To quote Monty Python, I have had that funny feeling of deja vu all over again this past week while watching news of the unfolding meningitis outbreak traceable to fungal meningitis from pharmacy compounding. This is because we talk about pharmacy compounding rarely, typically when prompted by an outbreak of illness traced to compounded products. Sadly, for the lives lost (and I fear there will be more), we do not focus on the roll of pharmacy compounding and its relationship to prescription drug impurities the rest of the time.
In June of 2002, the unevenly regulated nature of pharmacy compounding was all over the press in northern California because of the death of George Stahl from bacterial meningitis traceable to to a cortisone shot using pharmacy-compounded medical supplies. Mass prescription drug manufacturing is heavily regulated by the Food and Drug Administration. Compounding pharmacies, allowed to operate in the interstitial regulatory world between the FDA and state pharmacy boards — are much more lightly regulated.

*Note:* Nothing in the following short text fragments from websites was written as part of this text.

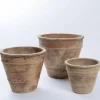 Terracotta krukker med antikbehandling - Ø.55cm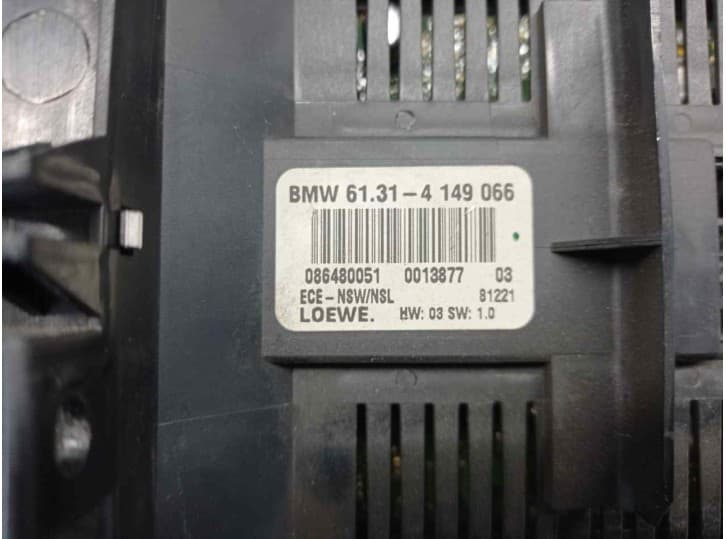 Recambio de mando luces salpicadero para bmw 3 (e46) 318 i referencia OEM IAM 61314149066 4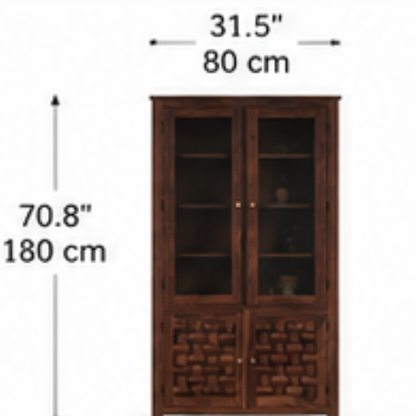 Heritage Weave Display Cabinet
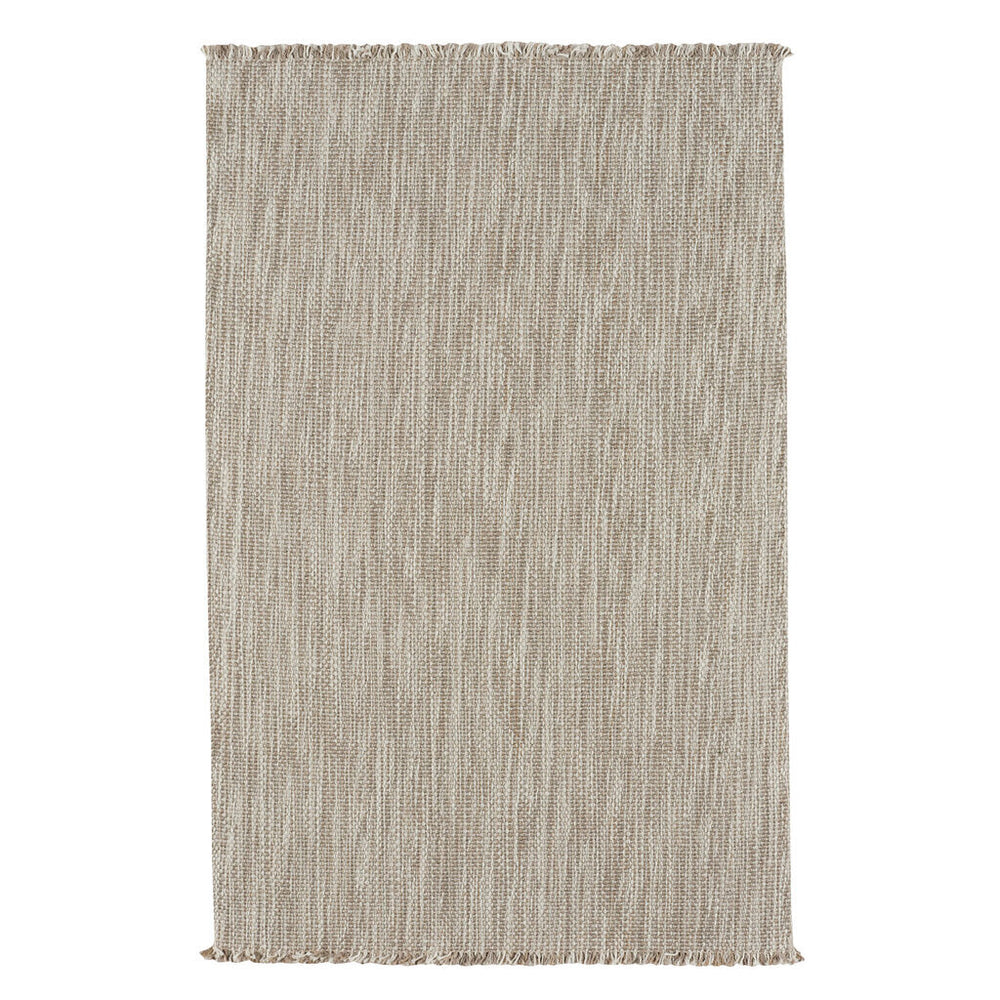Capel Rugs Seagrove Coastal-inspired Flat Woven Rug - Versatile Olefin Design For Indoor And Outdoor Spaces Oyster, Ivory 100% Polypropylene 0411rs00240036630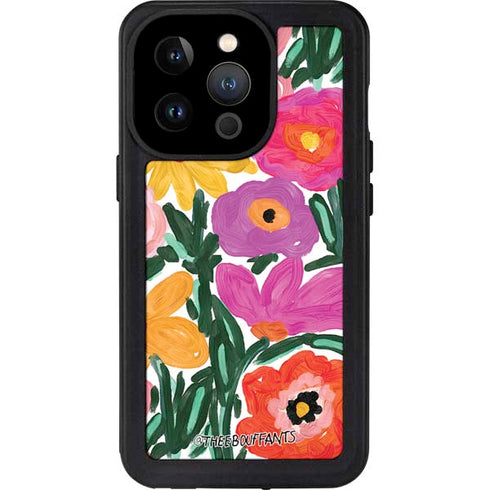 Bouffants and Broken Hearts Painterly Garden iPhone 14 Pro Waterproof Case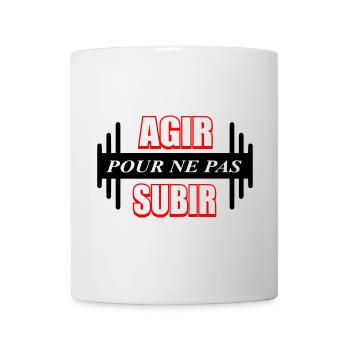 Act to avoid suffering - Mug - white - Front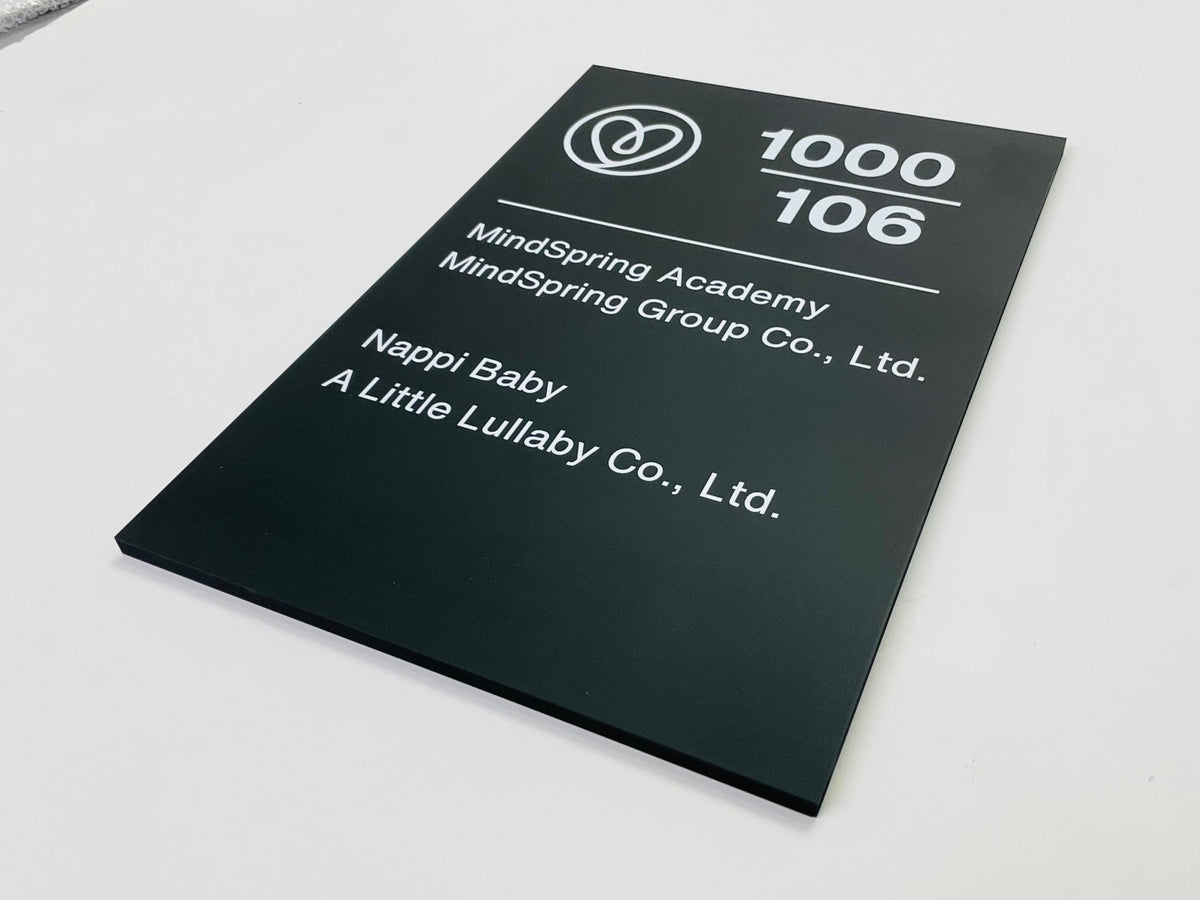 ป้ายพลาสวูดไดคัท และพลาสวูดตัวนูน พิมพ์คมชัด แข็งแรง ทนทาน เหมาะสำหรับป้ายร้านค้า ป้ายบริษัท และงานตกแต่งอาคาร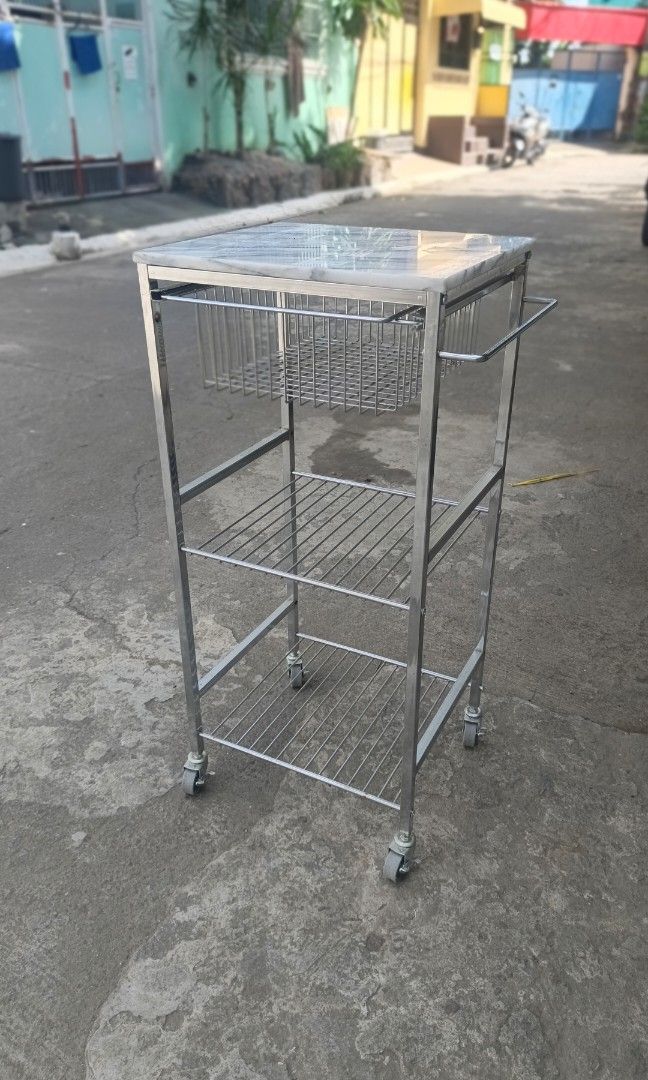 Asplund Marble Top Trolley (Category: Food Organization & Storage) located in Santa Rosa. Submitted by tonyhawk0592 (Listing ID 1468145668, Image 3). Description: .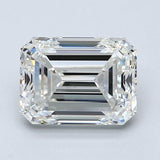 2.5 Carat Natural Diamond - EMERALD - 2.5 - H - VS1 - Diamonds By Rothschild
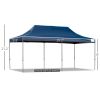 Outsunny 10x20 Pop Up Canopy, 7 Removable Sidewalls, Privacy Features, Roller Bag, Upgraded Frame, Blue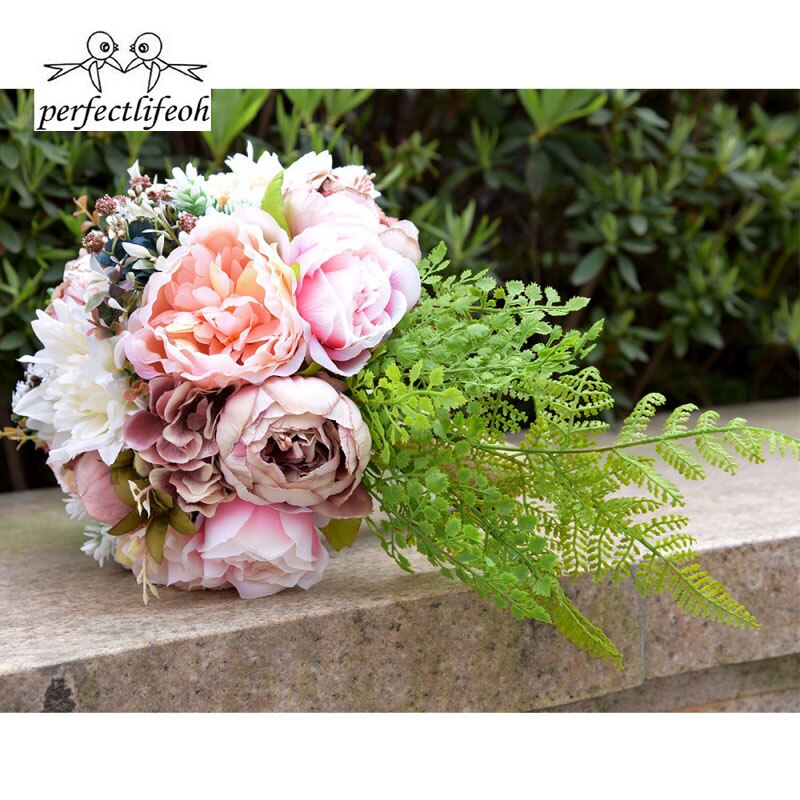 Perfectlifeoh bukett de novio bryllup peoner brudebuketter dekorasjon blomster peon buketter til casamento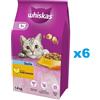 WHISKAS Sterile 6x1,4kg Alimento secco con pollo per gatti adulti sterilizzati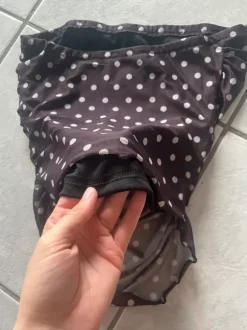Bandeau Top Braun mit punkten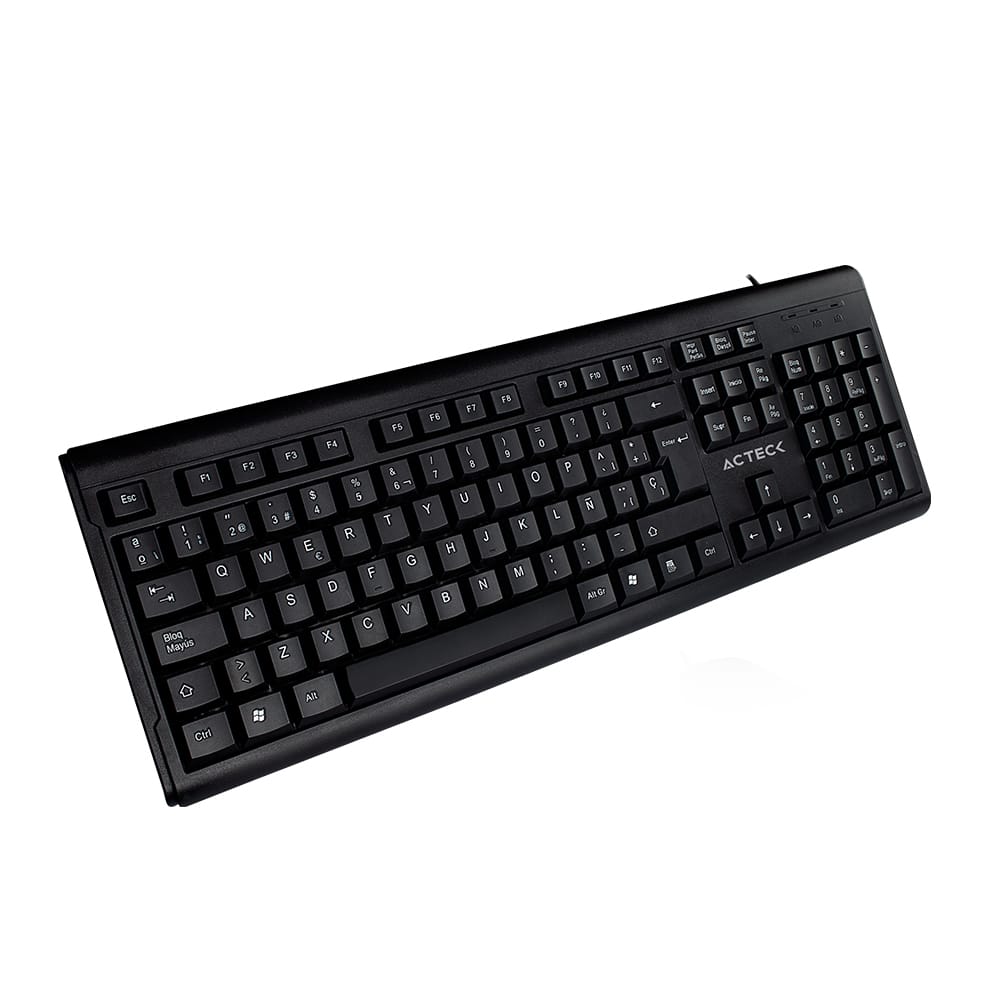 Teclado Acteck-e Alambrico Usb/negro Estandar 104 Teclas Ac-928946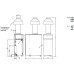 Газовый напольный котел Baxi SLIM 1.620 iN с открытой камерой (WSB43162347-)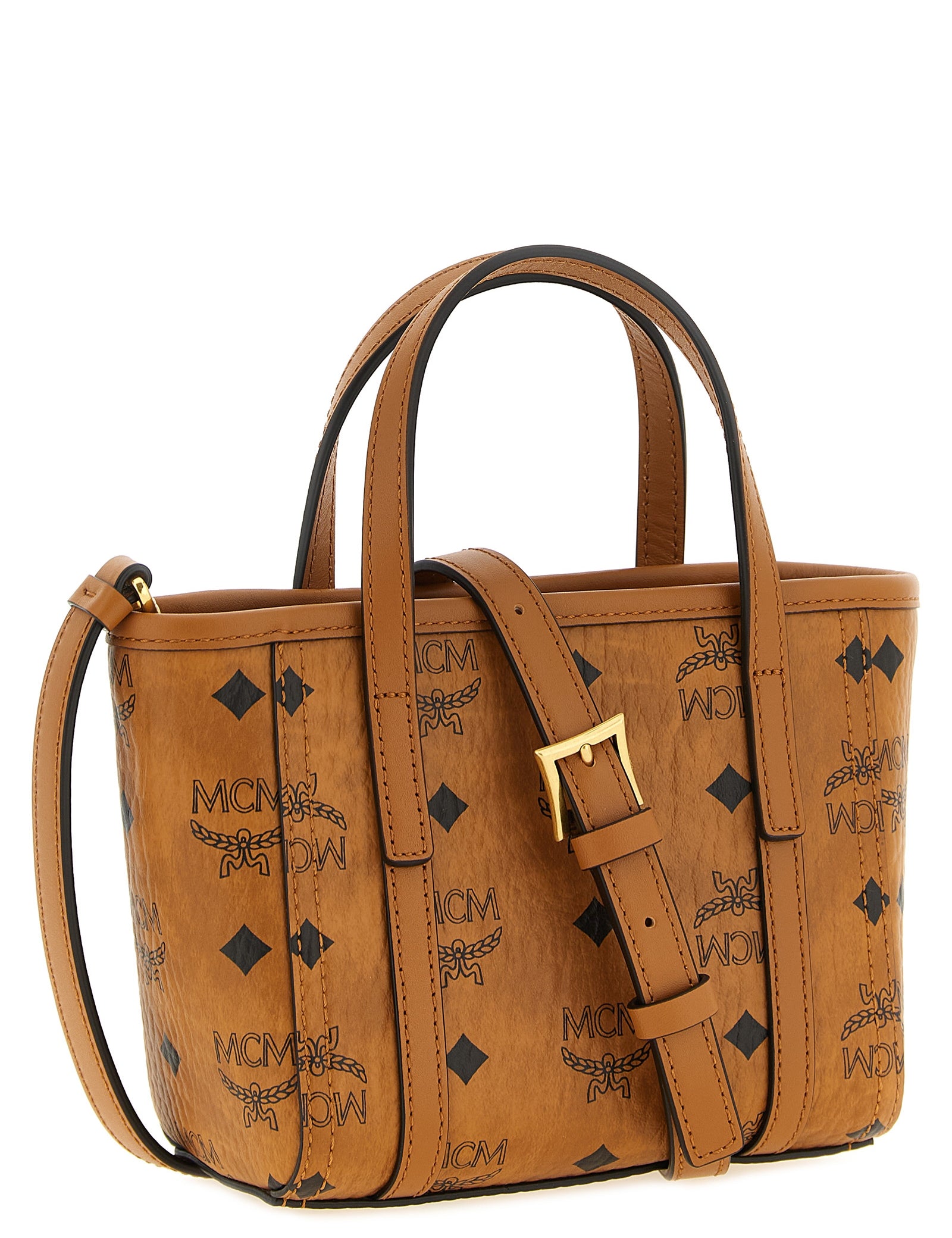 MCM Brown Polyurethane Tote Bag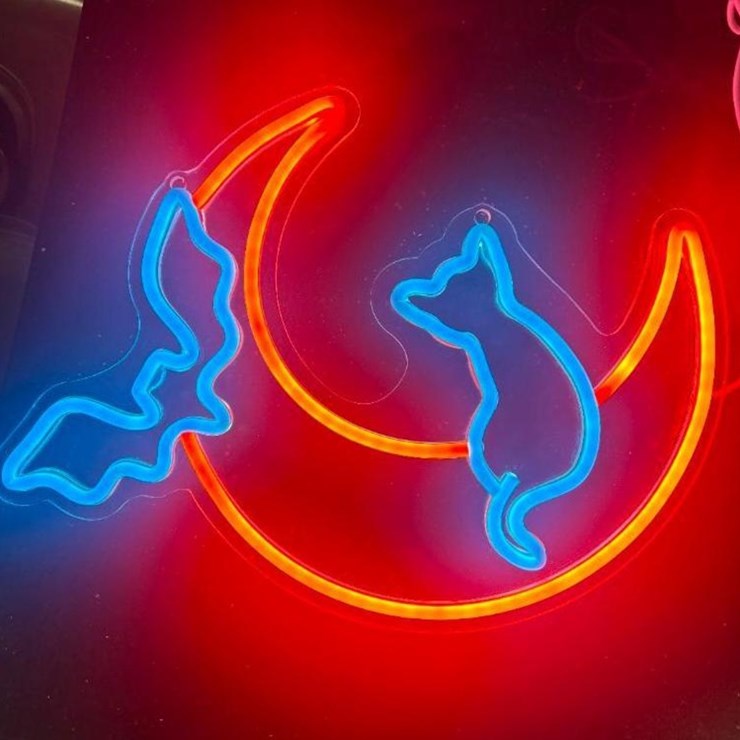 New Halloween 15in x 12in LED Light-Works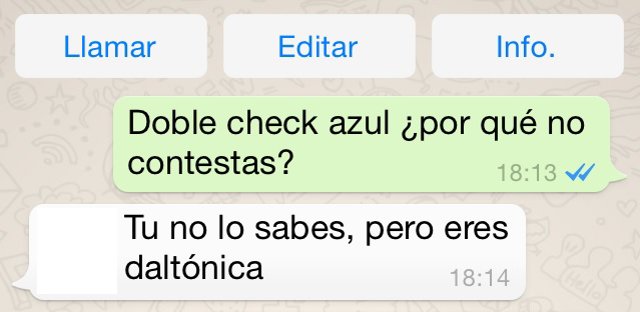 Excusas whatsapp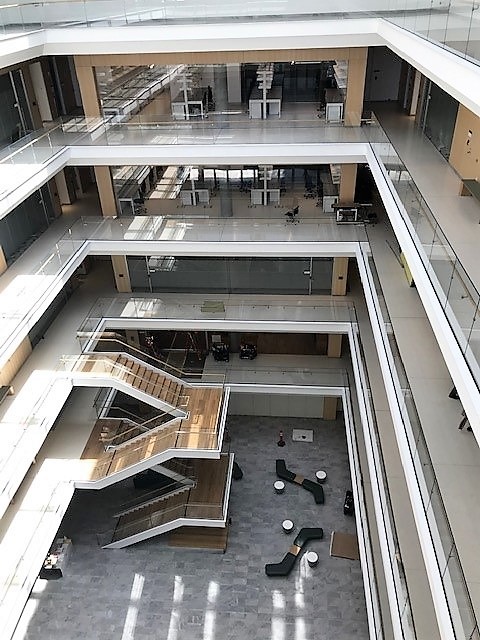 usa_millwork's tweet photo. We’re wrapping up the millwork on UCSF’s Weill Institute of Neurosciences, and couldn’t be more proud of the work our #USAMSF Team did on the extensive wall paneling throughout. So grateful to have worked on this project in conjunction with @DPRConstruction
#MoreThanMillwork https://t.co/fyQzofqiYP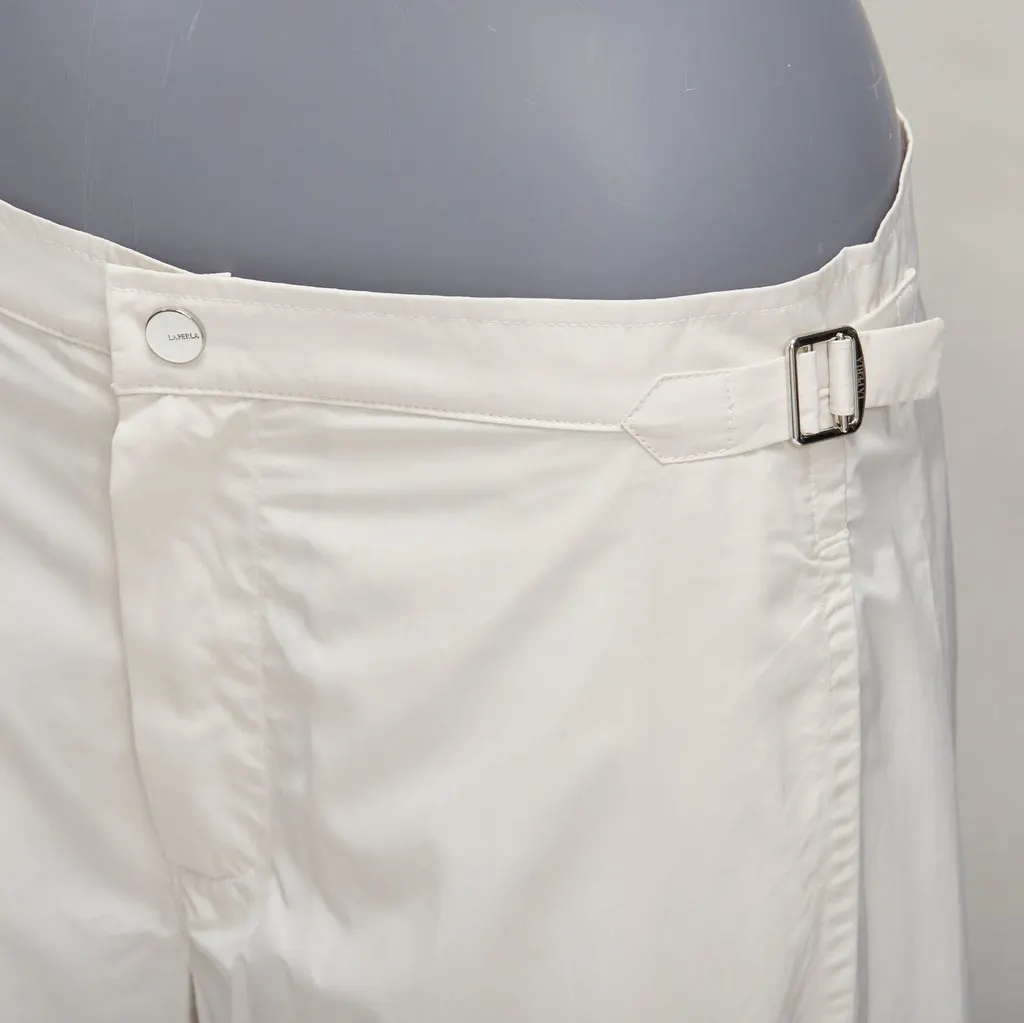 La Perla Mesh Safari Shorts Ecru Polyester Very good - Back View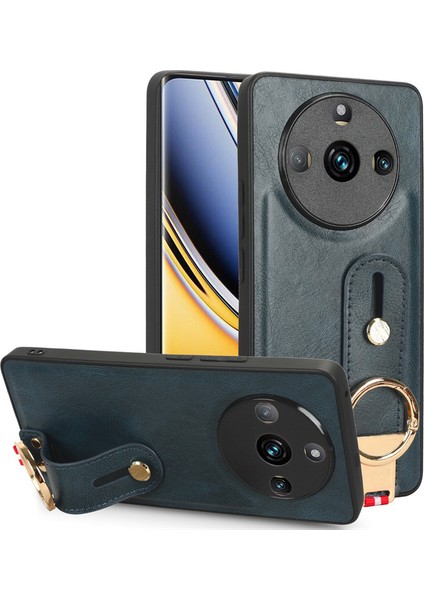 Realme 11 Pro 5g Bileklikli Darbeye Dayanıklı Deri Telefon Kılıfı (Yurt Dışından)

In an increasingly standardized world, compouding pharmacists were allowed to continue to compound because they were believed to serve the non-standard patients. Compounding a prescription drug without a common preservative might be the only way to make that medication available to a patient allergic to the preservative, for example.
But there's also a reimbursement story here. FDA-approved drugs cost more. Regulation is not free. Compounding may be an attempt to circumvent expensive regulation. It certainly raises more questions when the compounding pharmacy is producing a significant volume of a lower priced drug to be sold to the health care providers of the standard patients. The conduit of the compounded medication is the health care provider paid a set fee for the medication and its administration — someone seeking a higher profit margin by sourcing a product at a better non-regulated or lightly regulated price.
What is interesting about this is that there is nothing new about this. In health care, everything old is new again. Just as pharmacist compounding is as old as the profession itself, our cyclical panic over this practice is a perennial.
In particular, the FDA's Pharmacy Compounding Committee of the 1990's tried to promote a stautory ban on sterile products (like cortisone shots) that for safety reasons should be determined to be demonstrably difficult to compound safely. And that bill attempted to constrain the mass marketing of these dangerous-to compound-safely drugs.
But the statute failed at the Supreme Court on First Amendment grounds. You can read Thompson v. Western States Medical Center here: http://www.fda.gov/downloads/Drugs/GuidanceComplianceRegulatoryInformation/PharmacyCompounding/UCM155167.pdf
Maybe it is time to rethink the premise of a ruling that pharmacists do not make enough profit out of compounded prescriptions to justify regulating them for safety under the FDA. Justice O'Connor may have had the truth of it precisely inverted. The truth is that larger scale compounding is quite lucrative, for compounding pharmacies and their health care provider purchasers alike.